In brief, let each of you be as a lamp shining forth with the virtues of the world of humanity. Be trustworthy, sincere, affectionate, and replete with chastity. Be illumined, be spiritual, be divine, be glorious, be quickened of God. Be a Baha'i."

13.5.09

muddiness and the Master

Over the past couple of weeks I have been falling and now find my face planted firmly in the wet mud of May.

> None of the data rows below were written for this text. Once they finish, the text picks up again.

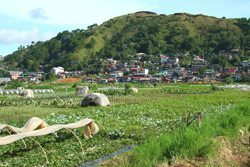 At the strawberry farm in Baguio City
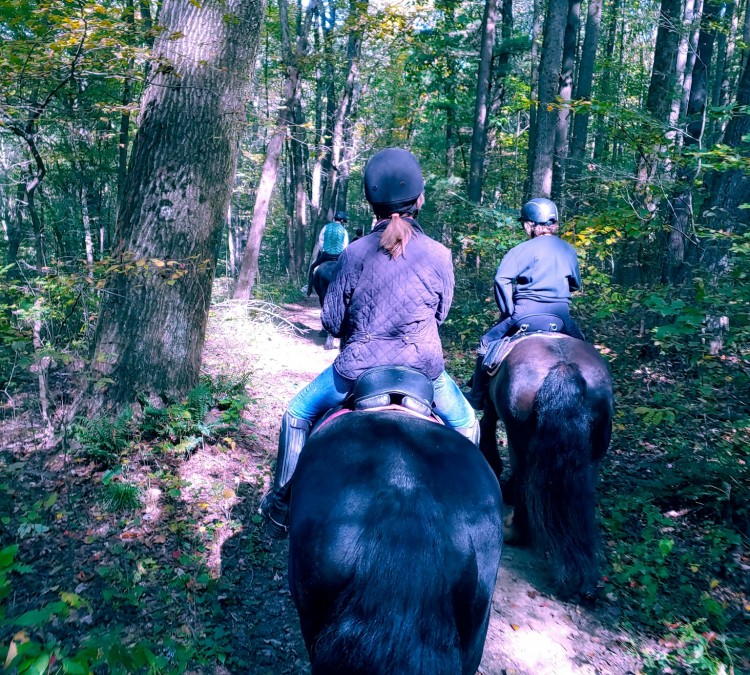 mohican-memorial-state-forest-bridle-trail-parking-photo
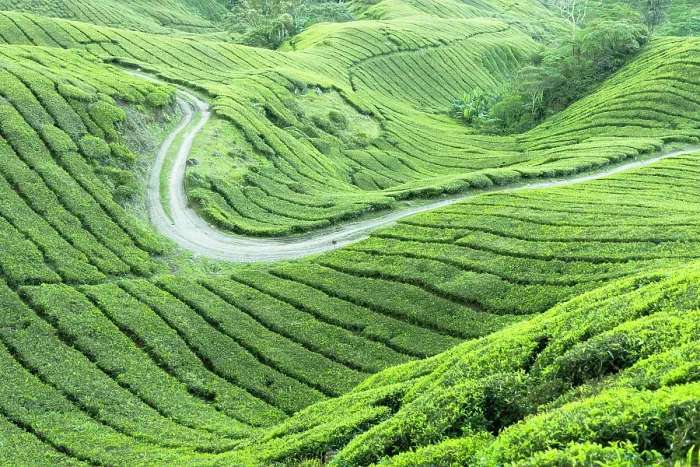 Framed Print : BOH Sungai Palas tea plantation, Cameron Highlands, Pahang, Malaysia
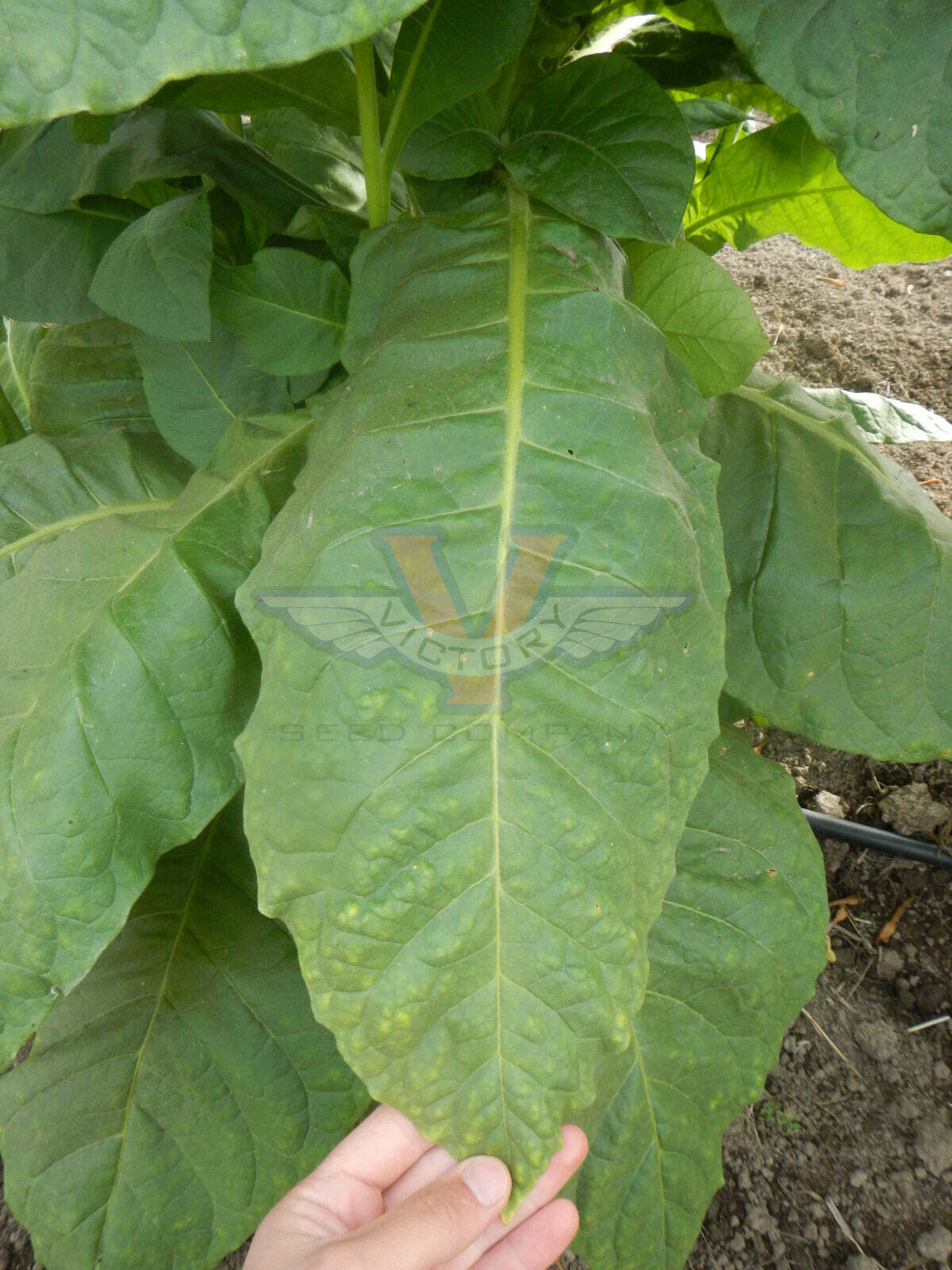 Smyrna Tobacco
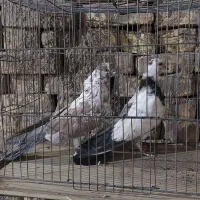 دوجفت نرو ماده پرشی فوق العاده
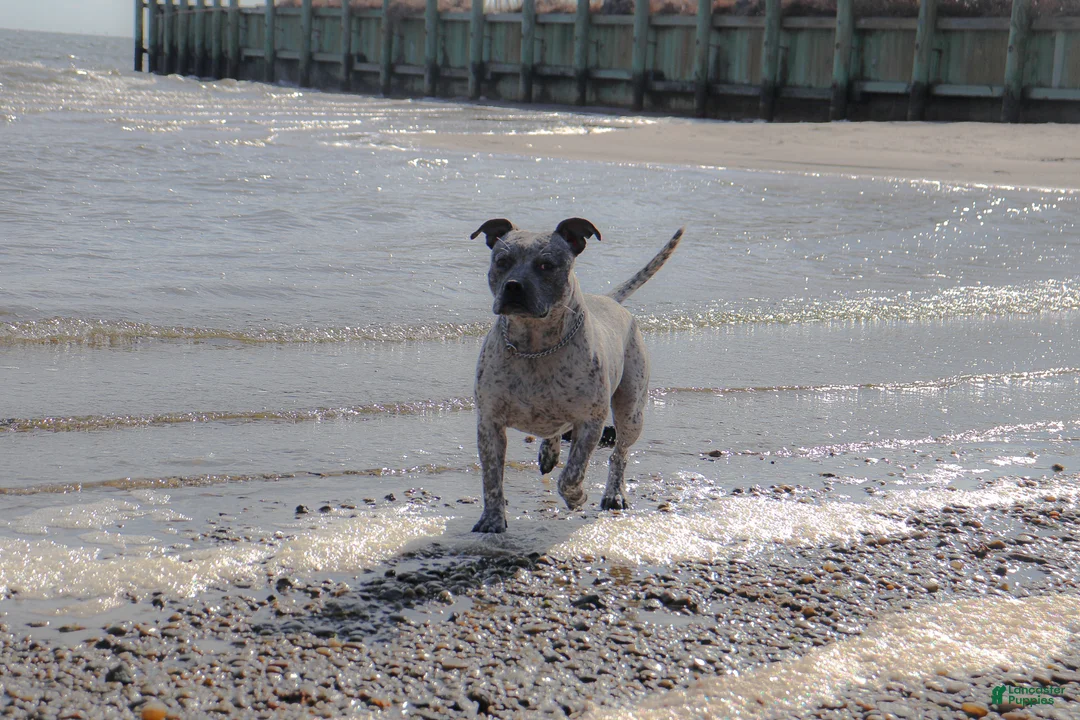 American Bully dogs for stud: Priest - Ad 3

It doesn't feel like the worst place to be, although breathing can sometimes be difficult, but I think it is about time to get back up again and go have a shower- or perhaps a pressure wash would be more appropriate.

I am now refraining from a theatrical and over extended metaphor on the mud of life.


An early believer in the Faith of Baha'u'llah once went to Abdu'l-Baha distraught about how he as such a weak and selfish human could ever hope to attain to the standard of being which Baha'u'llah called all humanity. Abdu'l-Baha assured him that it can only be accomplished little by little; little by little. The believer was encouraged and thought to himself, 'I have all eternity for this journey from self to God. The thing to do is to get started.'

So here I am, little by little, trying to figure things out. 

The virtue of this week is integrity.